I haven't done this in many years, sorry for any mis-remembering. I think it's discussed in Bevington&Robinson.


You seem to be mixing up several concepts here.

In particular you are interested in the error on a mean, refer to the error on a sum (which you need on the way to the error on a mean), and talk about the standard deviation.

(all work here in the naive version assuming zero correlation.)
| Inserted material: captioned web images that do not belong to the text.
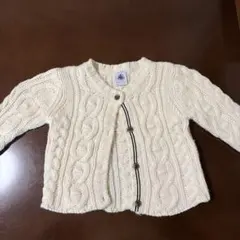 プチバトー アイボリー カーディガン 74cm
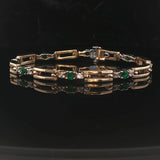 14k Yellow Gold Emerald and Diamond 17.3g Fancy Bar Link Bracelet 6.75"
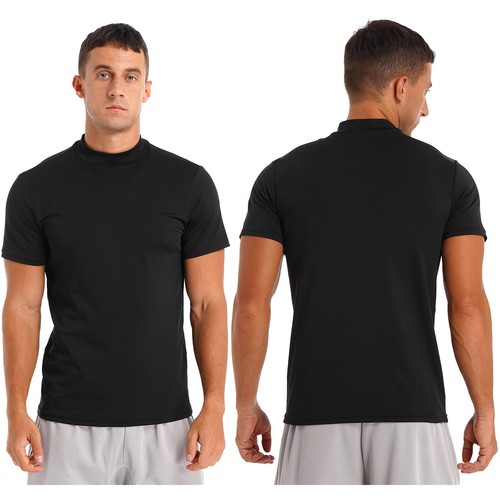 Mens T-Shirt Mock Turtleneck Solid Short Sleeve Pullover Basic Undershirt Top - Picture 3 of 51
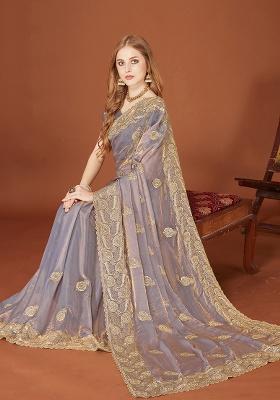 Grey Embroidery Work Silk Saree Set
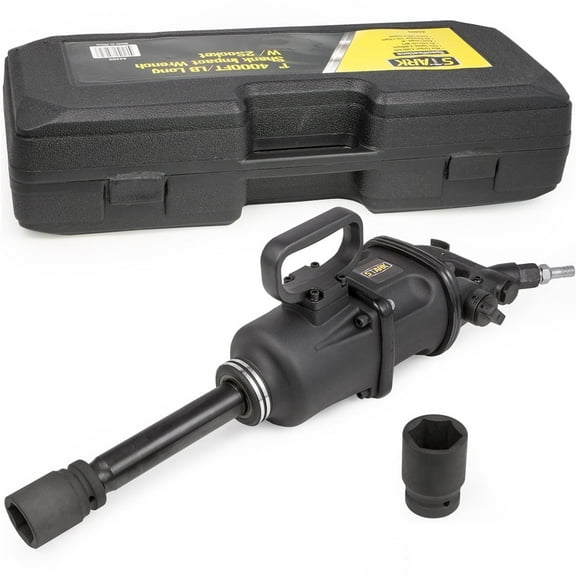 Stark USA 1" 4000 ft-lbs. Industrial Air Impact Wrench, 1" Pneumatic Impact Gun, 8" Extended Anvil, With 38mm & 41mm Sockets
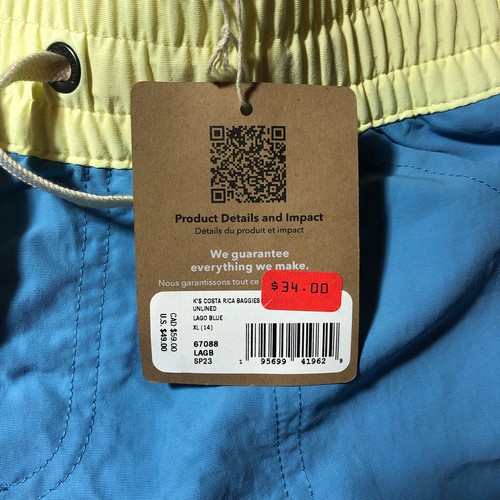 Patagonia Shorts Youth GIRLS XL (14) Costa Rica Baggies 3" Unlined Lago Blue NEW - Picture 5 of 8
  • Error of a sum of uncertain quantities: $X = \sum_i x_i$ and $\Delta X = \sqrt{ \sum_i \left(\Delta x_i\right)^2 }$

  • Error of the mean of uncertain quantities: Divide the sum by the number of measurements. The number of measurements is definite, you are not at all unsure how many figures you have processed so this is just division. $$\bar{x} = \frac{X}{N} = \frac{\sum_i x_i}{N} \quad ,$$ and $$\Delta \bar{x} = \frac{\Delta X}{N} = \frac{\sqrt{\sum_i \left( \Delta x_i\right)^2}}{N} \quad.$$ (Note that later on you will encounter the phrase "error of the mean" in the context of large samples. That's different.)

    If you individual $\Delta x_i$s vary considerably it is better to use the error weighted mean.

  • Standard Deviation: This is a figure expressing the dispersion of you $x_i$s, and is figured without reference to your $\Delta x_i$s. Generally represented with $\sigma$ and we call $\sigma^2$ the "variance". $$ \sigma^2 = \frac{1}{N} \sum_i \left( x_i - \bar{x} \right)^2 \quad ,$$ with a minor correction that if you have to get $\bar{x}$ from the same list (which you do) you use $$ \sigma^2 = \frac{1}{N-1} \sum_i \left( x_i - \bar{x} \right)^2 \quad .$$

If you have estimated your $\Delta x_i$s correctly then there should be a relationship between the standard deviation and the error on the mean, but that is for another day.


You complain in your question that the error of the mean does not go to the standard deviation in the limit that $\Delta x_i = 0$, but that is because they represent different concepts. It is possible to have experiment where the individual measurements are drawn from a broad distribution but are known very well (high standard deviation, but low individual uncertanties) or where you re-measure the same underling quantity with poor instruments (zero standard deviation, but large $\Delta x_i$s). In a lot of ways the cases can be treated with the same math, but they are different.